ハロプロでいうと、アンジュルムの佐々木莉佳子は宮城県気仙沼市の『SCK GIRLS』の元メンバー、同じくアンジュルムの川村文乃は高知県の『はちきんガールズ』の元メンバーです。それぞれ元所属グループを卒業してから、ハロプロ研修生となり、アンジュルムに加入しました。


 ほかにも、つばきファクトリーの小野田紗栞は静岡のローカルアイドル『ぷりんせす♪りぼん』としての活動歴があるし、BEYOOOOONDSの高瀬くるみ、岡村美波、清野桃々姫もアップフロントに入る前にアイドルとして活動歴がある。また、モーニング娘。’19の石田亜佑美森戸知沙希(カントリー・ガールズ兼任)、Juice=Juiceの稲場愛香、カントリー・ガールズの小関舞も、芸能活動歴がありますね」(前出・エンタメライター)

 さらに、ハロプロではないが、同じアップフロントグループのアップアップガールズ(2)にも複数の“元アイドル”が所属。先日、発表された新メンバー3人の中には、大手事務所に所属していたメンバーもいる。

「昨年解散したソニー・ミュージックアーティスツのAISというグループにいた島崎友莉亜が、アプガ(2)の新メンバーオーディションに合格。
大手事務所のアイドルグループから、また別の大手事務所のアイドルグループに入ったということで、業界内でも話題になっています」(前出・芸能事務所関係者)

 どうして“元アイドル”たちは、アップフロントに入りたがるのだろうか?

「ハロプロのブランド力は大きい。

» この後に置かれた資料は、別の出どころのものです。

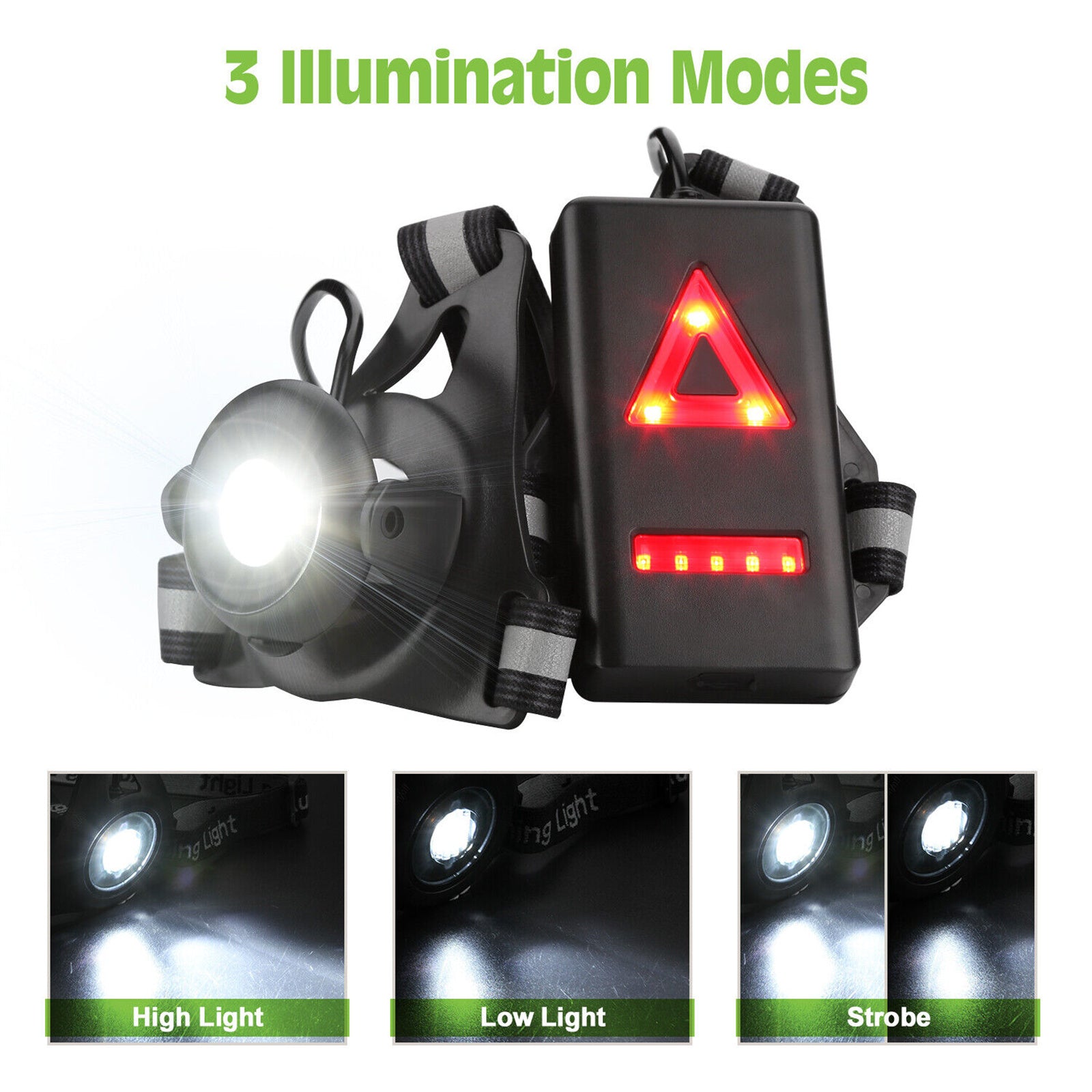 Outdoor Night Running Lights USB Charging LED Chest Lamp Back Warning Light For Camping Hiking Running Jogging as shown
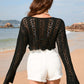 BELLA ROAD Drawstring Openwork Long Sleeve Cover-Up at Bella Road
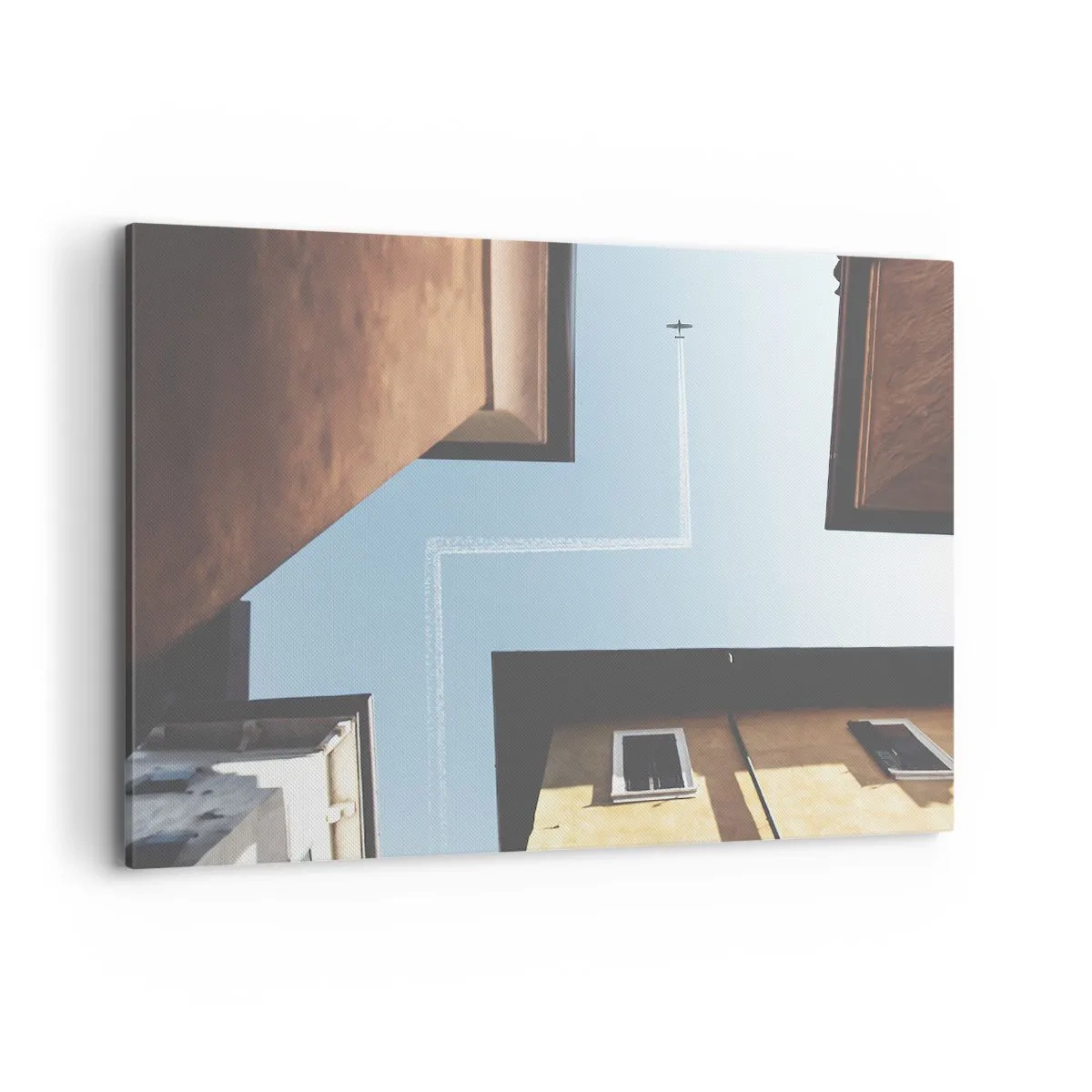 Schilderen op canvas - Boven het doolhof van de stad - 120x80 cm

そして、アップフロントのアイドルは、生歌でしっかりダンスを踊っていて、スキルが高い。その点で、アイドル界でリスペクトされる存在であるのは確か。よりハイレベルな場で活動したいと思うアイドルたちが、アップフロント系のオーディションを受けるというわけです」(音楽業界関係者)

 さらに、アップフロントの待遇の良さも、憧れられる要素だという。

「大スターのような高給がもらえるわけではないですが、それなりの給料がもらえて、しかもダンスや歌のレッスンもしっかり受けることができる。毎週末にはコンサートやイベントがあるし、ラジオなどのレギュラー番組も多い。
現場にはもちろんマネージャーが付くし、ケータリングも出てくる。メジャーなフィールドで充実した活動ができるということは、アイドルたちにとってみれば、まさに夢のような話。しかも、ハロプロを卒業した後も、基本的には事務所に残って、女優やタレントとして活動できるというメリットもあります」(同)

 芸能界では珍しい“ホワイト企業”といえそうなアップフロント。今後も、多くの元アイドルたちがキャリアアップを目指して、その門を叩くこととなりそうだ。